Export data generated from python to snowflake

i have created a python script which will send a get request from a website, i can get the data in json format and i would like to use Matillion and place it to snowflake . i have tried to use grid variable and export it to a table, but failed to do so . any suggestion how should i do the process ? thanks

Where do you execute the python script? On the Matillion VM?

 

I would recommend that before you extract data using a Python script, you first evaluate the Matillion components such as "Data Transfer", "API Extract" (incl. API profile) if they fit your use case.

 

If you execute the Python code using the "Python Script" component and select the local storage as the storage path, your JSON file will be stored on the Matillion VM. Here I don't think there is a simple drag and drop component that copies the data from the VM to Snowflake. Sure you will be able to find the file path on the VM, but you would have to connect to Snowflake via the Python script. Before that, you would have to install the Snowflake Python Connector on the VM: https://docs.snowflake.com/en/user-guide/python-connector.html and make sure that the credentials are not stored in the script (keyword: information security). 

 

Matillion is designed to work with a cloud blob storage (Azure, AWS or GCP) and a cloud data warehouse engine (e.g. Snowflake). Therefore, your focus should be on how to get the data into a cloud blob storage. 

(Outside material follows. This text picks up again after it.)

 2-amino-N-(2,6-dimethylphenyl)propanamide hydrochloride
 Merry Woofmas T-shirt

From there, you could then use a corresponding Cloud Storage component (e.g. Azure Blob Storage).

 

API Extract component: API Extract | Matillion ETL Documentation

API Profile: Manage Query Profiles | Matillion ETL Documentation

Data Transfer component: Data Transfer Component (matillion.com)

Cloud Storage components: S3 Load Component (matillion.com) , Azure Blob Storage Load (matillion.com),

 

Could you specify: "[...] a python script which will send a get request from a website"?

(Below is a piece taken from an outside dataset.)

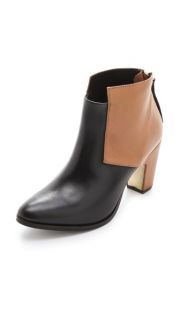 Miista Aile Colorblock Booties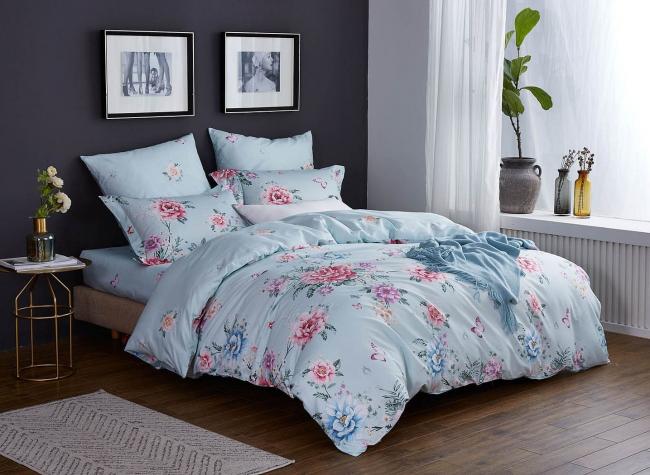 Постельное белье из мако-сатина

I assume you extract data from a website via GET Method? Do you use a REST API?

yes , the script i wrote is just data retrieve from GET request, then i will store it as json/CSV format, ultimately move it to snowflake.

Hey , How you have loaded the data into S3bucket from url , Can you please update your code, I have same requirement but unable to do , Please help.

meaning to say i should upload the data query via python to s3 bucket , then i will load the data from s3 to snowflake?

If you should request a REST API via GET method, then I would use the Matillion component API Extract instead of the Python script. See https://documentation.matillion.com/docs/1959484

 

The advantage is that you can store the credentials in the API profile. The sensitive information would then be masked for others and you can conveniently access the credentials via the API Extract component.

 

If there is no other way and you have to rely on the Python script, you have several options. I see two options for Snowflake and AWS.

 

1. install Boto3 (AWS SDK) on the Matillion VM. According to the documentation, the Python script would then use your AWS credentials that you used in the Matillion setup. See https://documentation.matillion.com/docs/2234735

2. run the Python script outside Matillion. See https://documentation.matillion.com/docs/2972828

 

I have not yet been able to implement either option in practice (I work with Azure and Snowflake). Feel free to share your experiences here.

 

What advantages do you see with the Python script?

 

thanks for the reply . i do have a lot of variables for the url parameters in a loop and no credentials are needed to do the get request. hence I'm using python script to get the data.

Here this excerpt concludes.